Putting evidence at the centre of everyday life
Maureen Smith, Cochrane Consumer Network Executive
Richard Morley, Cochrane
Background: Citizens make many decisions each and every day. Some are personal decisions for themselves or their families, whereas others are decisions related to their community, their country, or the world.
In January 2022, the Global Commission on Evidence to Address Societal Challenges released a report.(1) Two recommendations in particular speak directly to the impact of evidence on citizens: 1) help citizens use evidence to inform both personal decisions and decisions related to their community, their country, and the world; and 2) address the spread of false, inaccurate, and misleading information (also called ‘misinformation’), which can lead to bad decisions and harmful consequences. These recommendations are in perfect alignment with Cochrane’s goals of producing trusted evidence, advocating for evidence, and informing healthcare decisions.
Objectives: This interactive workshop aims to support a discussion about ‘putting evidence at the centre of everyday life,’ including:
• the challenges in using evidence in everyday life;
• possible solutions to address these challenges; and
• potential barriers and facilitators to move forward with these solutions. The workshop will also be an opportunity to explore how to promote, contribute to, and/or lead efforts to put evidence at the centre of everyday life (keeping in mind the importance of a global lens and the challenges/opportunities present in different contexts).

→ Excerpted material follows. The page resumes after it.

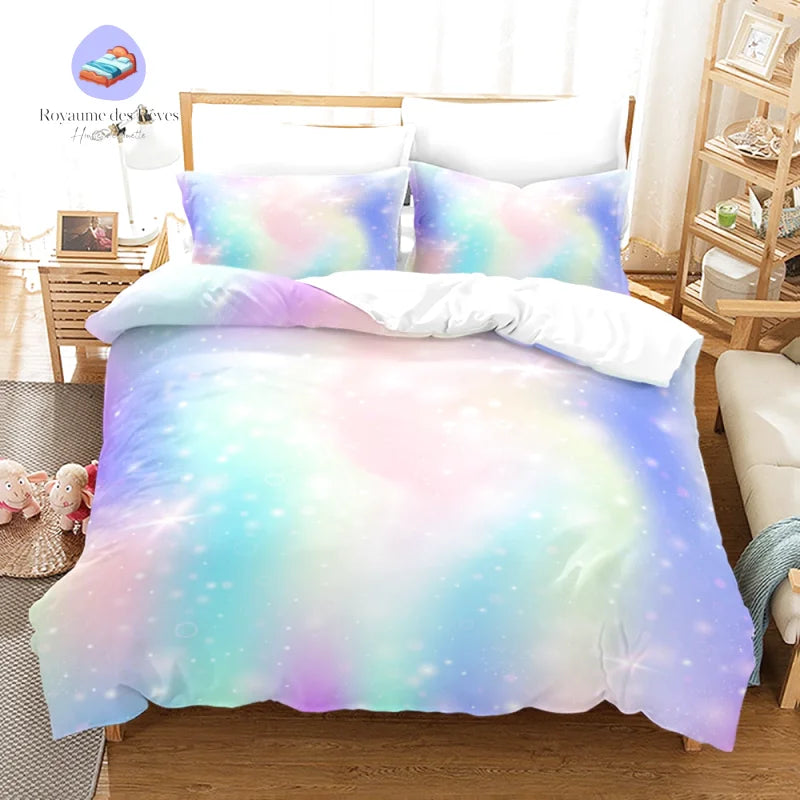 Housse de Couette Arc en Ciel Paix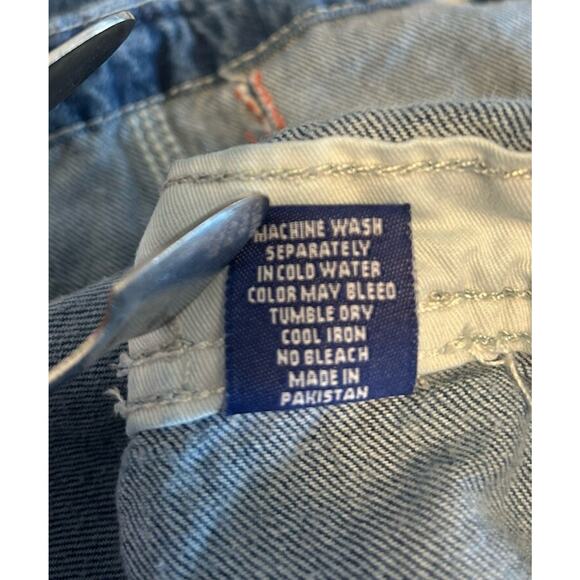 Skyline Wears Men's Size 32x32 Blue Denim Bib Overalls Dark Wash Wide Leg Fashio - Picture 14 of 16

Description: The workshop will consist of a short presentation to prompt discussion, followed by small-group and plenary discussions. Workshop participants will have the opportunity to share their insights about how the challenges can be experienced locally and globally. Each small group will be asked to tackle a potential strategy to put evidence at the centre of everyday life, discussing whether and how it is relevant to their context and how it could be operationalized. These may include strategies to: - help citizens judge what others are claiming or more generally find (and receive) reliable information; - make evidence available to citizens when they are making choices; - engage citizens in asking questions and answering them (with new research or with existing evidence); and - make evidence-based choices the default or easy option.